Against the timetable, train 168 stopped just after passing Vigerslev station. It was almost 20:50. It later turned out that an 8-year-old boy opened one of the outer doors of the train and fell out. Another passenger pulled the emergency brake in response to that. The train now had to drive back to search for the boy.

However, the train dispatcher decided that the train carrying the fire fighting equipment had priority and signalled that the track was free to this train. Train 168 had to wait at the Vigerslev station, the engineer of train 168 was told to look for the boy as soon as the other train had passed. After the train passed, train 168 reversed in the direction of Brøndbyøster station, passing the entry signal from behind. The train dispatcher had only thought about the train carrying the firefighting equipment, and gave train 168 a free path to Brondbyøster. Shortly after he noticed that he didn't think about the express train, and he tried to contact Brøndbyøster station. This was unsuccessful however, as his colleague at Brondbyøster was busy with the throughcoming express train. After the dispatcher at Vigerslev managed to have phone contact with the Brondbyøster dispatcher and made him aware of the danger, he grabbed a red signalling lantern, ran toward the engineer of train 168 and commanded him to reverse. The engineer followed his command, but the steam locomotive accelerated only slowly.

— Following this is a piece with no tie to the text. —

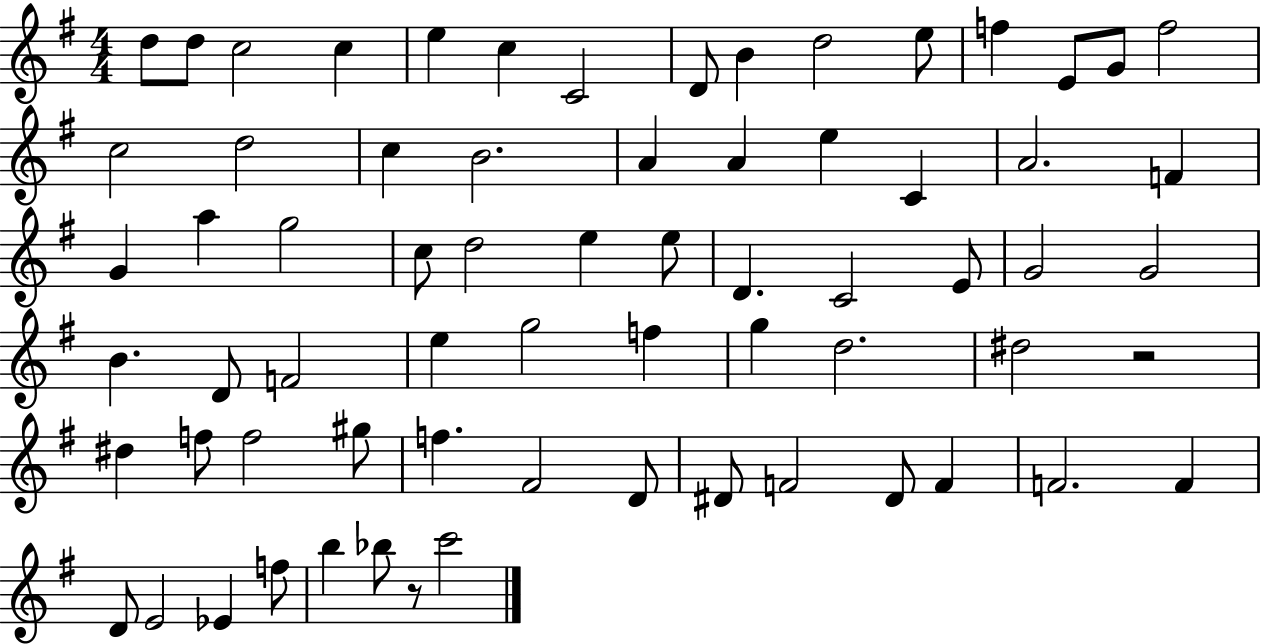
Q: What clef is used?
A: treble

Train 168 had only travelled 130 m from the entry signal at Vigerslev towards the direction of Brondbyøster. The boy who fell off the train had been found next to the track, he had survived with a broken leg. Meanwhile, the dispatcher ran towards Brondbyøster to signal the express train to stop with his lantern. The express train, however, was already nearing rapidly.

Although the red entry signals, the red tail signals of train 168 and the dispatcher's lantern were visible to the engineer of the express train, the train didn't brake, as passengers in the train would later testify.

On 21:01 the express train crashed into train 168 at full speed. The last five carriages of train 168 were completely smashed, 30 passengers died in these. Parts of the carriages crashed down an 8 m high embankment. The express train's locomotive and its three front wagons came to a stop on the remains of train 168's carriages. 6 passengers of the express train died, as well as the engineer and the fireman, who died on the site, badly burned by the boiling water escaping from the locomotive's boiler.

==Aftermath==
In total 40 people died, 58 were injured of which 27 badly. It was the worst railway accident in Denmark in number of victims. The damage to equipment was 1.2 million Danish krone. As the accident took place away from a station, the site was not lit, which complicated the salvage operations. The only light source available were the front signals of the train carrying the fire fighting equipment, that travelled back to the site of the accident.

The dispatcher in Vigerslev was sentenced to two months jail time in 1920.

The express train locomotive was repaired, upgraded as a class Pr Pacific in 1943 then wrecked in another accident in 1951 when it collided head-on with a DSB Litra R locomotive. One of the driving wheel axles of the locomotive is on display at the Forstadsmuseet in Brøndbyøster.

Eight carriages in both trains were badly damaged or totally destroyed. Two of them were repaired for other purposes and one of them wasn't scrapped until 2013, despite its coach body having been set aside for preservation in 1995.

Despite not directly involved in the collision, the Salon coach Bj 665, preserved in the Danish Railway Museum, saw some role in Vigerslev train crash: it was the tail-end carriage of the firefighting train running behind train 8064.